If no pattern and/or payload are supplied, no processing is done. Otherwise the string length and substring search features of sh(1) are used to determine the position of an instance. If the position is valid and was pulled from a meaningful string (i.e. the cursor has not reached the end) that value is printed. Otherwise, it assumes the data has been consumed and/or no match could be found and exits.

As mentioned, this is a quick and dirty, I'm going to put together an enhanced version that supports more options, but this meets my immediate case, which is finding the offset of specific subroutines in disparate iNES ROMs. This should speed up things like identifying code reuse across different titles, at least for subroutines with very recognizable, consistent series of bytes in them. This replaces one more concern of a monolithic hex editor.
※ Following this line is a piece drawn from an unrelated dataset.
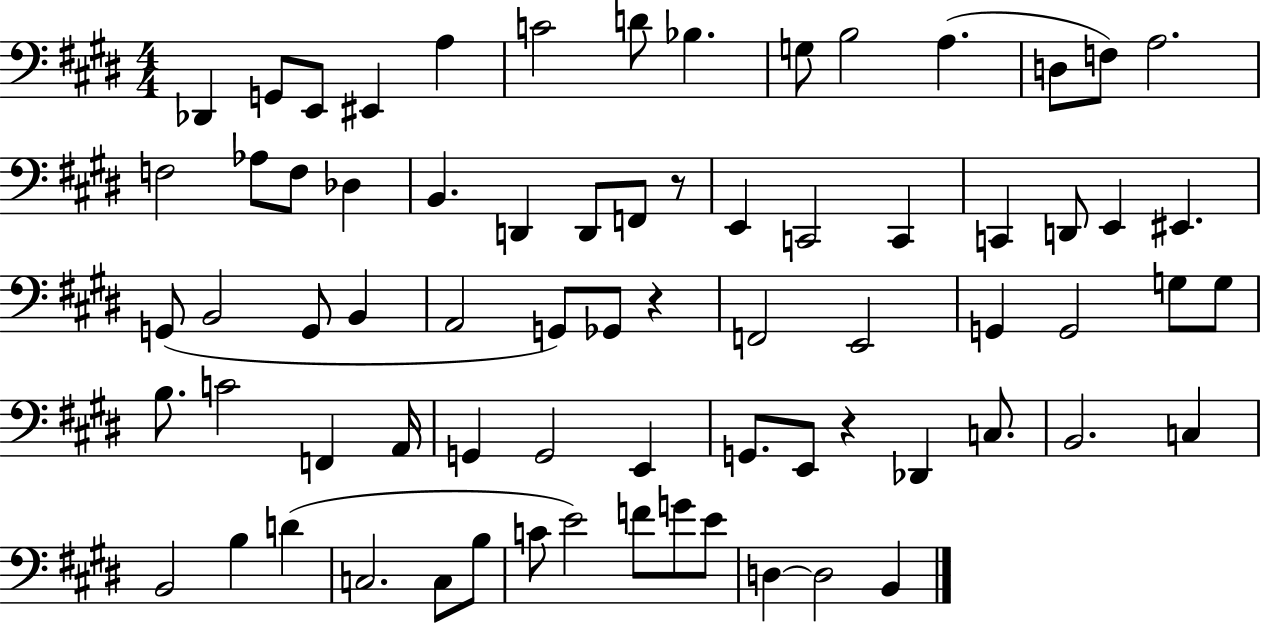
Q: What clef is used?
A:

Good for me too because I haven't touched a graphical hex editor in years and frankly don't intend to ever again.

Edit: Legal cma, the name hexgrep is a tentative name subject to change and does not imply affiliation with other projects or products called hexgrep. Any trademarks are retained by their respective owners, this tool will certainly be named something different in its fully realized state. I'll do better research on names, because this one is taken in a few places.